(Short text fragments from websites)
[Start of Attachment]

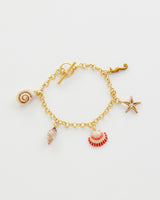 Pulsera Charms Conchas - Oro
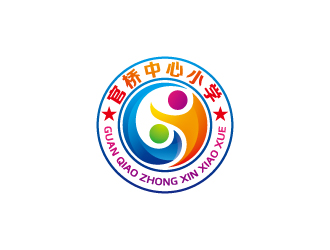 周金進的官橋中心小學logo設(shè)計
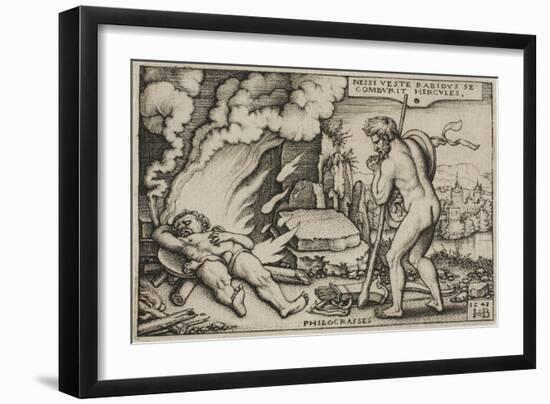 The Death of Hercules, from the Labours of Hercules, 1548-Hans Sebald Beham-Framed Giclee Print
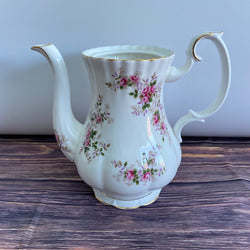 Royal Albert Lavender Rose Coffee Pot- No Lid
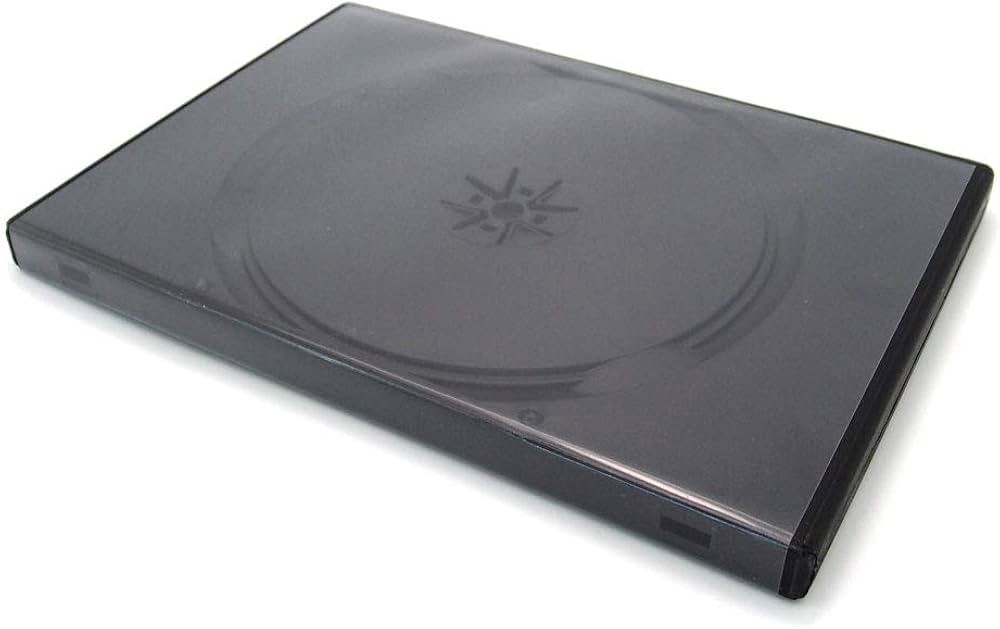 Maxtek 14mm Black Standard Double Capacity DVD Case & Outter Clear Sleeve 23 Pcs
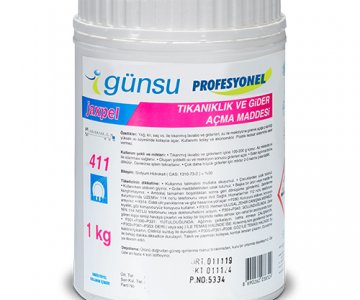 Jaxpel 411 Tıkanıklık Ve Gider Açma Maddesi 1 Kg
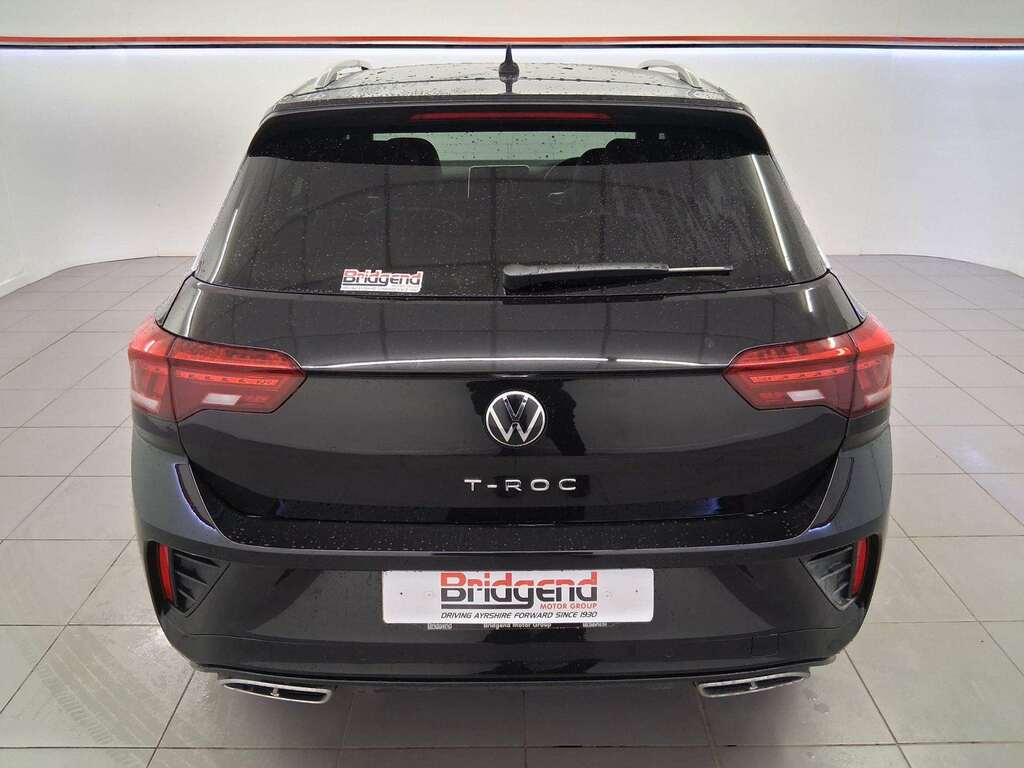 Volkswagen T-Roc 1.5 Tsi R-line Suv LP72CHG Black #5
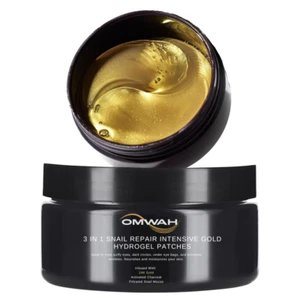 OMWAH Under Eye Mask for Face - Snail Mucin and Activated Charcoal (60 PCS) - Picture 1 of 3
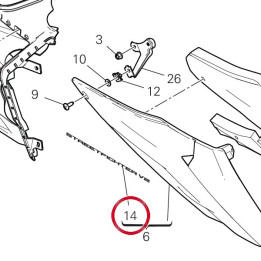 Decalcomanie Streetfighter — réf. 4381F121A | Ducati Store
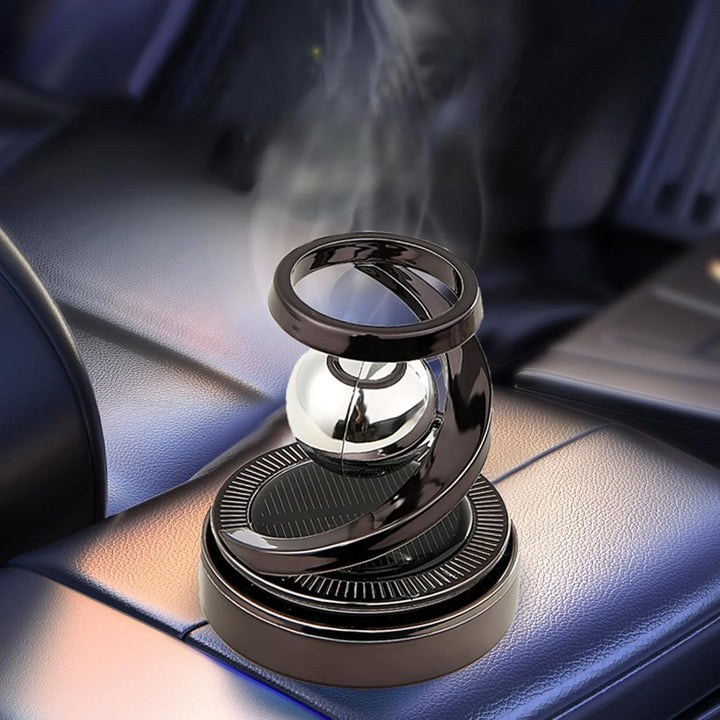 Solar Perfume Spiral Ring Air Diffuser Solar Auto Rotating Car Air Freshener Car Fragrance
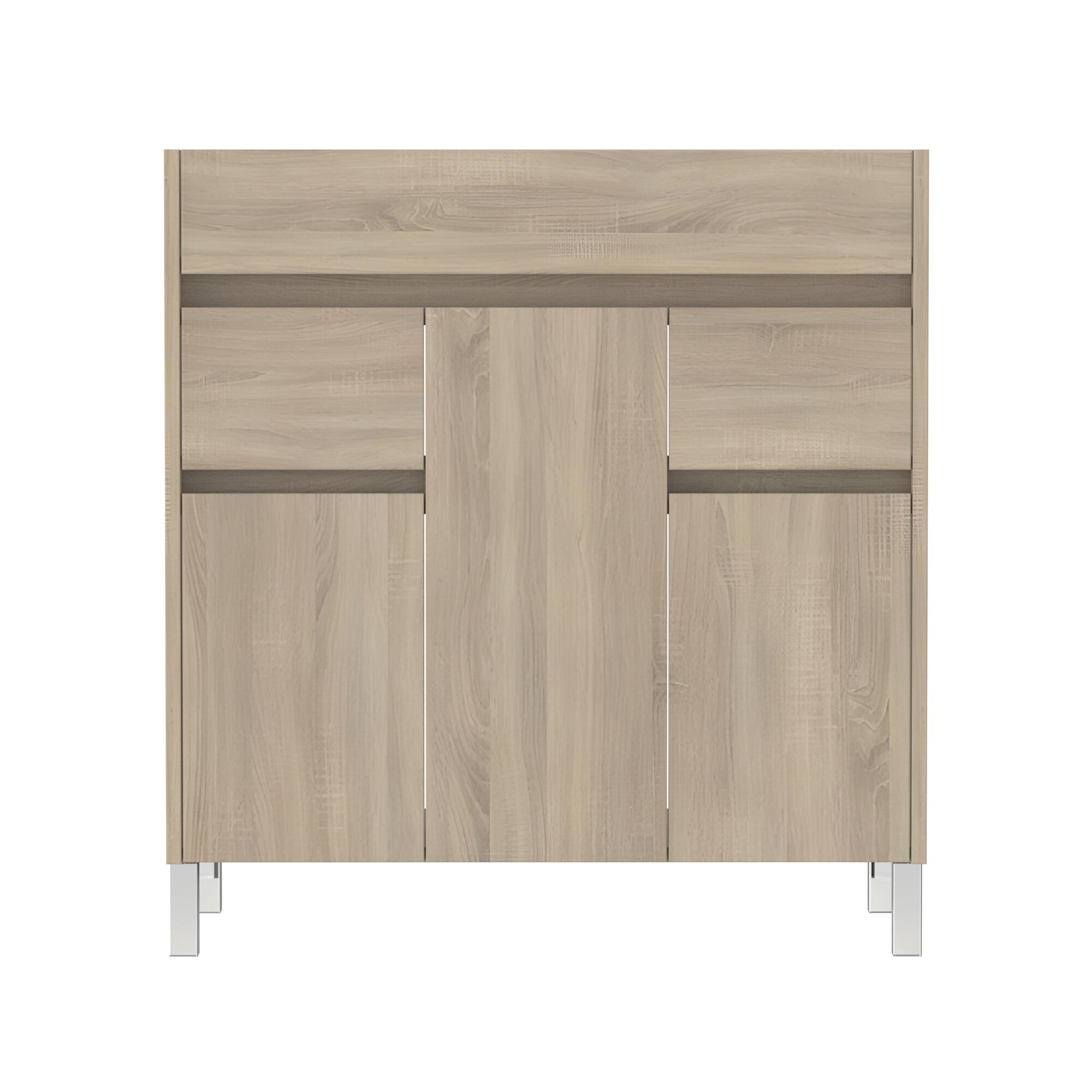 MUEBLE DE BAÑO LONDRES ROBLE 80X45CM 3 PUERTAS Y 2 CAJONES - 4
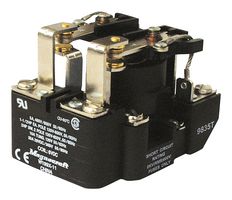 SCHNEIDER ELECTRIC/LEGACY RELAY 199X-8 Power Relay, DPST-NO, 24 VDC, 40 A, W199 Series, Panel Mount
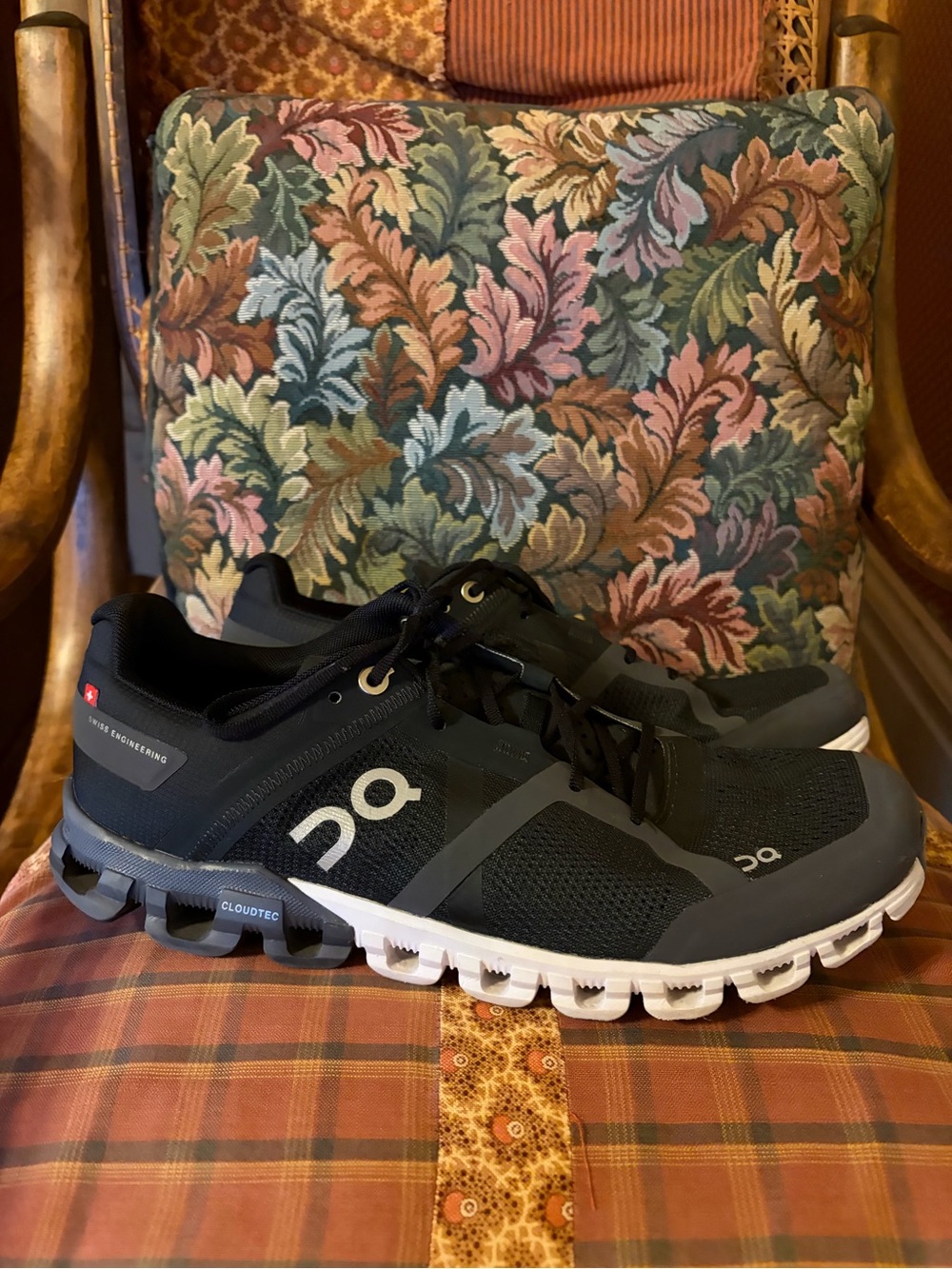 On Running Black and White CloudTec Men's Athletic Shoes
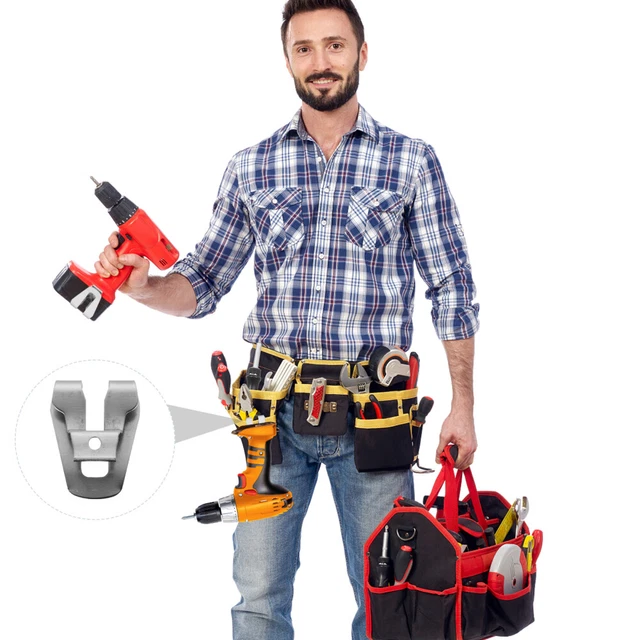 Chiusura fibbia cintura accessori per elettroutensili gancio di perforazione con gancio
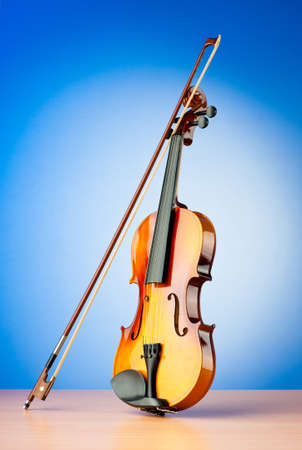 Music concept with violinの写真素材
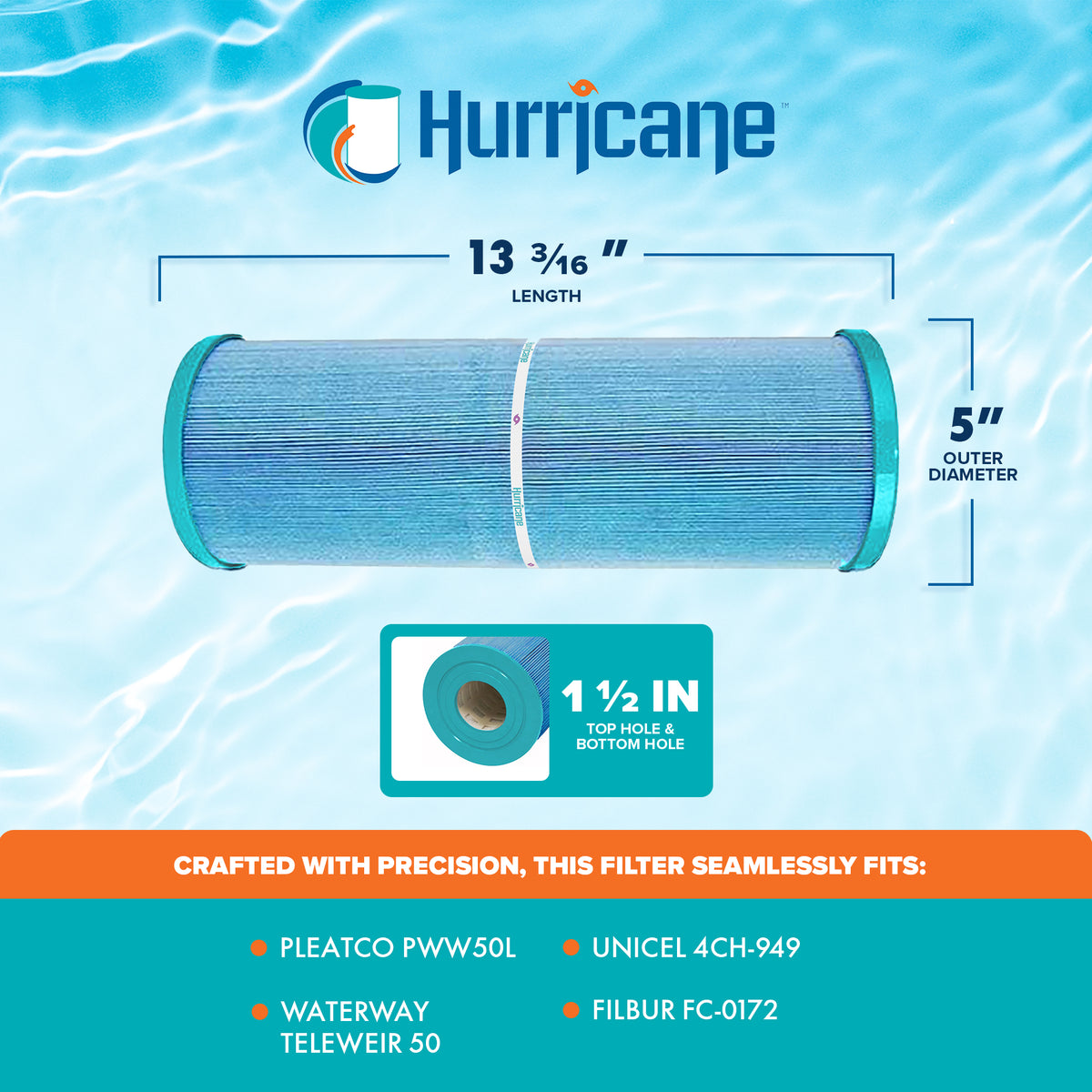 Hurricane HF4H949-01M Aseptic Pool&Spa Filter Cartridge Replacement (Open Box) - VMInnovations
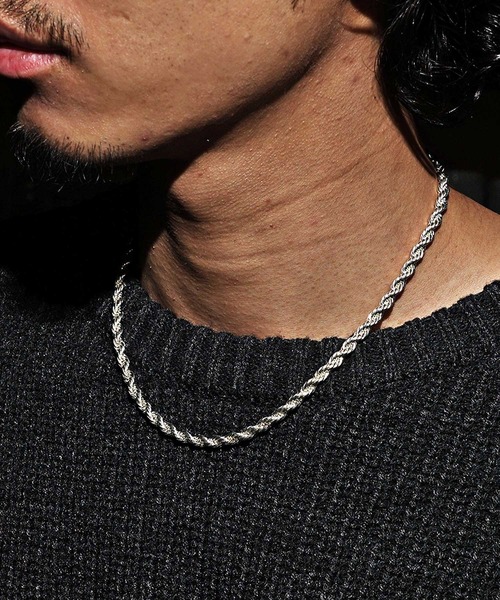 セール】スクリューチェーンネックレス メンズ アクセサリー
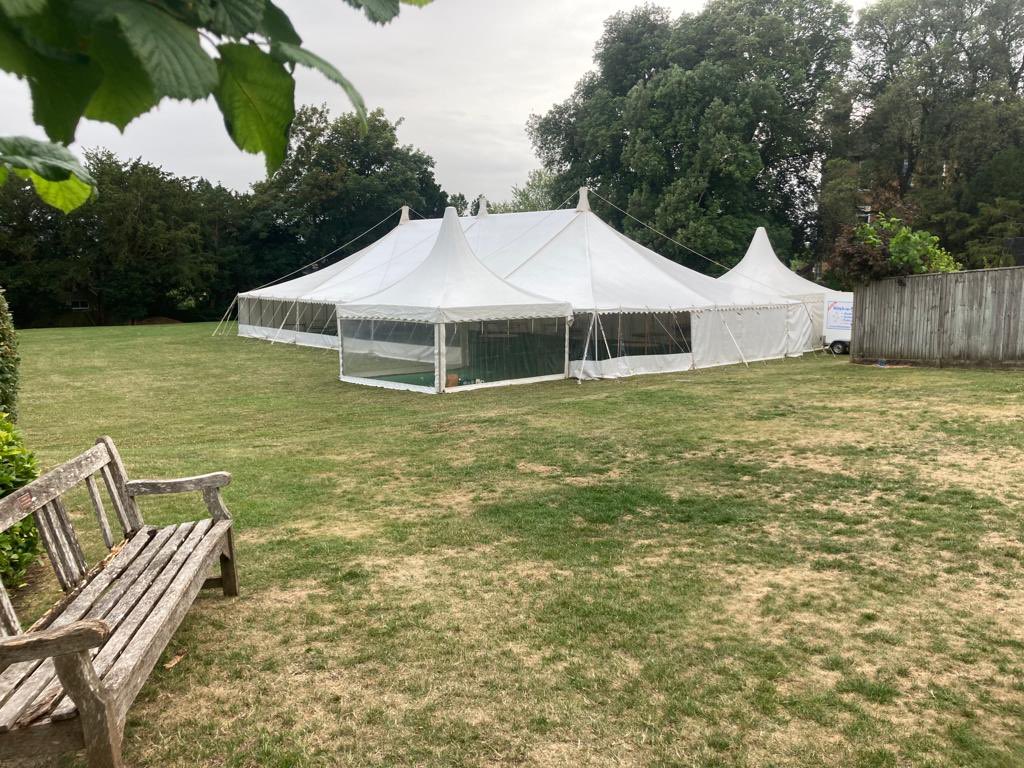 Marquee is up and looking great. Now to stop the boys from playing Marquee Cricket for the next three days!! 🏏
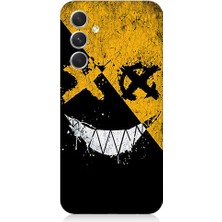 Teknomeg Samsung Galaxy A05S Uyumlu Karanlık Gülüş  Desenli Silikon Kılıf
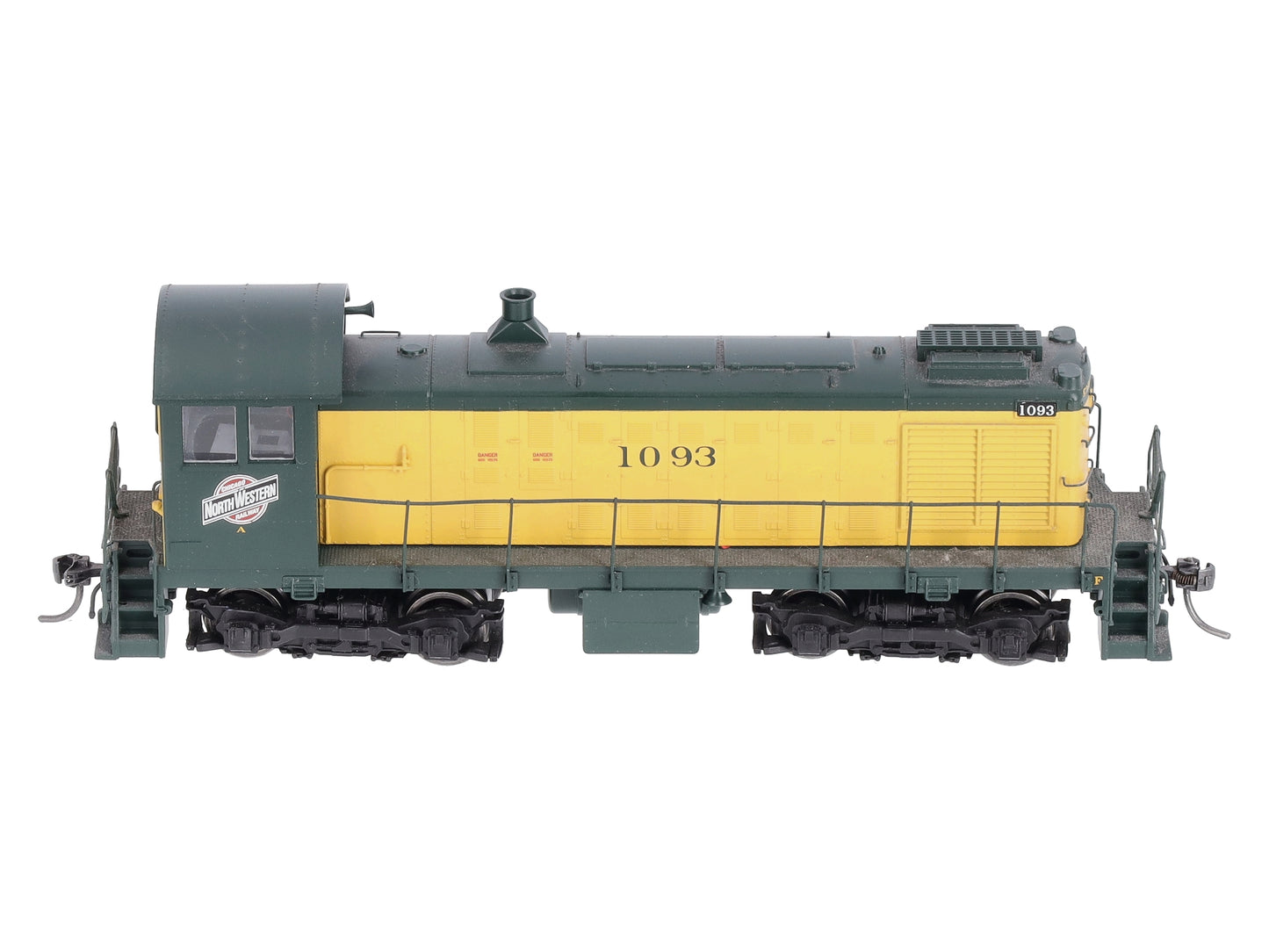 Atlas 10002437 HO Chicago & North Western S-2 Locomotive (Green/Yellow) #1093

[End of Attachment]

TASK PROMPT | What is needed is an exact retyping of the lines from the start of the data through the line with "On Running Black", with both end lines kept and every picture left out.

RESPONSE |
 Pulsera Charms Conchas - Oro
 周金進的官橋中心小學logo設(shè)計
 The Death of Hercules, from the Labours of Hercules, 1548-Hans Sebald Beham-Framed Giclee Print
 Royal Albert Lavender Rose Coffee Pot- No Lid
 Maxtek 14mm Black Standard Double Capacity DVD Case & Outter Clear Sleeve 23 Pcs
 Jaxpel 411 Tıkanıklık Ve Gider Açma Maddesi 1 Kg
 Volkswagen T-Roc 1.5 Tsi R-line Suv LP72CHG Black #5
 OMWAH Under Eye Mask for Face - Snail Mucin and Activated Charcoal (60 PCS) - Picture 1 of 3
 Decalcomanie Streetfighter — réf. 4381F121A | Ducati Store
 Solar Perfume Spiral Ring Air Diffuser Solar Auto Rotating Car Air Freshener Car Fragrance
 MUEBLE DE BAÑO LONDRES ROBLE 80X45CM 3 PUERTAS Y 2 CAJONES - 4
 SCHNEIDER ELECTRIC/LEGACY RELAY 199X-8 Power Relay, DPST-NO, 24 VDC, 40 A, W199 Series, Panel Mount
 On Running Black and White CloudTec Men's Athletic Shoes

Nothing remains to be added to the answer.